# website



## yashica4life (Apr 4, 2004)

Hey Im starting to make a website with all my best photos on it. This is what I have so far. http://geocities.com/jtonerphoto/html/index.html
Comments?  
Critisism? :cry:

I also made this >> http://geocities.com/jtonerphoto but i think it looks kinda "un professional"


----------



## yashica4life (Apr 4, 2004)

Generic  :cry:  I made that myself from scratch... 
And I am planning on getting a real server. 
Glad you like the pics tho


----------



## craig (Apr 4, 2004)

I think that is a good job on the website. I am not sure what scenery photos are, but that may just be me. I wish I had a last name like Toner.


----------



## yashica4life (Apr 4, 2004)

thanks, what you mean you dont know what scenery photos are? 
Hmmmm I've never really liked my last name :?  but I guess thats just me
I got tons more photos I gotta scan and put up. 
So stay tuned


----------



## craig (Apr 4, 2004)

It may sound better if you used the term landscape or scenic. I just love the word tone


----------



## yashica4life (Apr 6, 2004)

yay new photos !!! check them out


----------



## oriecat (Apr 7, 2004)

Nice stuff.  FYI, your Home link doesn't work.


----------



## yashica4life (Apr 8, 2004)

Thanks 
O ya I forgot about that. I had to chang the page name but forgot to change the link


----------



## TheProf (Apr 9, 2004)

Looks good but I find the your name on the images really distracting, off to the corner is fine but some are right in the middle?


----------



## yashica4life (Apr 9, 2004)

Ya.....I just did that so people dont copy them


----------



## ksmattfish (Apr 9, 2004)

I like how your site is set up, although you need more pics!  I liked your MTB and pet portraits the best.

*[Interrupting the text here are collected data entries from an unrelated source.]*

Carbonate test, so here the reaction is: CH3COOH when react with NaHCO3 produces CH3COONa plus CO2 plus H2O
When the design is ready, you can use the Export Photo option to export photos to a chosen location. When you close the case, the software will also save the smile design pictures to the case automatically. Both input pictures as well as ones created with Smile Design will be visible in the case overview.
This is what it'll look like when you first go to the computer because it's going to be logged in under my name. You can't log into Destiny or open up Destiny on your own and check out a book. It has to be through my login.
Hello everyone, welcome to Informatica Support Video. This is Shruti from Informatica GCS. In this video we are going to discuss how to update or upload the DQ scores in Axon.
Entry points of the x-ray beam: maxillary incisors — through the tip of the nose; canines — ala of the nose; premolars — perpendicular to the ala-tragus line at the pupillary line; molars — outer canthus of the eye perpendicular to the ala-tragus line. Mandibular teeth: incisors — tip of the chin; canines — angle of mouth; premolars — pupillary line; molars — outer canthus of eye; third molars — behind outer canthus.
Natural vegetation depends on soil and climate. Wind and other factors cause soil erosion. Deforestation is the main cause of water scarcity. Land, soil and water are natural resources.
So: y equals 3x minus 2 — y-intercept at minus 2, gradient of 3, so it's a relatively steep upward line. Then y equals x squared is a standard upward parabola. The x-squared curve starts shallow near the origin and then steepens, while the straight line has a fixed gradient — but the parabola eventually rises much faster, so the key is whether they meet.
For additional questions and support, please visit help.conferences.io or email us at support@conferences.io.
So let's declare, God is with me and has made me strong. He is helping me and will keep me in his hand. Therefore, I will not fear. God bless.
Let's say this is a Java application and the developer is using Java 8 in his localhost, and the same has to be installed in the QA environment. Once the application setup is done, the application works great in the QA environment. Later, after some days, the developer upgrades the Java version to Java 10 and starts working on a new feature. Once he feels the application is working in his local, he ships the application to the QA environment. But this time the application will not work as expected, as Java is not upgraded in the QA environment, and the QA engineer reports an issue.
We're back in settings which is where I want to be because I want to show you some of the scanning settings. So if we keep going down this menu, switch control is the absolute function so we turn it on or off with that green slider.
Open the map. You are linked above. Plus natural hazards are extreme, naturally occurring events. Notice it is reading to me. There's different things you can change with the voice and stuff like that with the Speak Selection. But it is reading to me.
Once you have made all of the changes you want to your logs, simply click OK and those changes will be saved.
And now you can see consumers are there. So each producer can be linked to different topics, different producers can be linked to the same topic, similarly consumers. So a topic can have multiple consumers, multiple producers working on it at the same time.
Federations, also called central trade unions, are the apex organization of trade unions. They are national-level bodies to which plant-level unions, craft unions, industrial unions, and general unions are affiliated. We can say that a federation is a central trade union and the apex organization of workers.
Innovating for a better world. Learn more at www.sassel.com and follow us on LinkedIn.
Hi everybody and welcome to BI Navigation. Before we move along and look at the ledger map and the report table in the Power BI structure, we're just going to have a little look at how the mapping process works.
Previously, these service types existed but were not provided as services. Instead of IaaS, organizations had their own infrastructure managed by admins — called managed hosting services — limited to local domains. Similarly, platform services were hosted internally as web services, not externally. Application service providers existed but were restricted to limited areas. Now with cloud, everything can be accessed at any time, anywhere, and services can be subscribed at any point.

I guess I understand the desire to protect your images, and I know that lot's of folks do it, but having to deface my images with a big ugly copyright name thing in worse than having them stolen.  I figure that most of the "theft" going on is probably folks who aren't going to use the pics to make a profit.  And if they can enjoy the lousy 72dpi file, then they aren't the types to buy the real deal from me anyway.  Anyone who wants to make money off my images would be better off just to contact me and get a high quality print; I'm pretty cheap.


----------



## yashica4life (Apr 14, 2004)

o yea I have waaaaay more pics, but I dont have a scanner... I just got my friend to do a couple. I really want to get a digital slr camera just because it would make learning a lot easier, but I like the look of film better, unless you spend like 5000 :shock:  which I dont have.... I think Im just going to buy a scanner, and spend all my saved money on film.

Thanks for all the positive comments    and I am thinking of moving the name things out of the way


----------